Specifically, the OPA counsel said, Buckingham as the AG had a legal duty to review all proposed contracts with the CNMI and certify that the CNMI had the legal capacity to enter into the same.
He said the defendant also had a concurrent legal duty to refuse to certify that the Commonwealth had legal capacity to enter into a specific contract that violated both CNMI law and regulation.
Alternatively, Hasselback said, defendant, as the AG, had a legal duty to act to prevent the continued performance of a contract that violated CNMI laws and/or regulation upon becoming aware that such a contract violated CNMI laws and/or regulations.
“Despite this duty, defendant failed to act to halt the performance of a contract entered into by the Commonwealth of the Northern Mariana Islands that violated both CNMI laws and/or regulations,” the OPA counsel alleged.
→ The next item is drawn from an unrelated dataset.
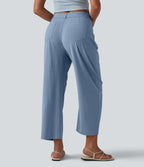High Waisted Barrel Leg Casual Stretch Linen Trousers with Pockets — Washed Cloud Blue — view 2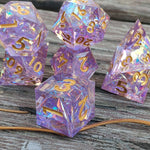 Lilac Illusion 7pc Sharp Edge Dice Set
In November 2011, the OAG charged Public Auditor Michael Pai's wife, Joanna C. Pai, and Joanna's mother, Columbia I. Chong, over the alleged stealing of power utility services over $51,000.
Attorney Rexford Kosack, counsel for Joanna Pai and Chong, stated that the only reason Joanna Pai has been charged is that she is married to Public Auditor Michael Pai who has attracted the ire of then AG Buckingham.
In May 2012, Superior Court associate judge Perry B. Inos dismissed the case.
The night before the filing of the criminal case against Joanna Chong, a December 2010 OPA report, which Gov. Fitial has not released, was leaked to the media by an anonymous source.
The report concluded that Buckingham's actions “violated criminal prohibitions” of both the Commonwealth Ethics Code Act and the Commonwealth Election Act when he hosted a campaign party for a then delegate candidate at Fitial's house in Gualo Rai on Aug. 28, 2010.
In June 2011, Buckingham and Finance Secretary Larrisa Larson sued Public Auditor Pai over his hiring of two lawyers, which according to the plaintiffs such actions “threaten an imminent waste of public funds.”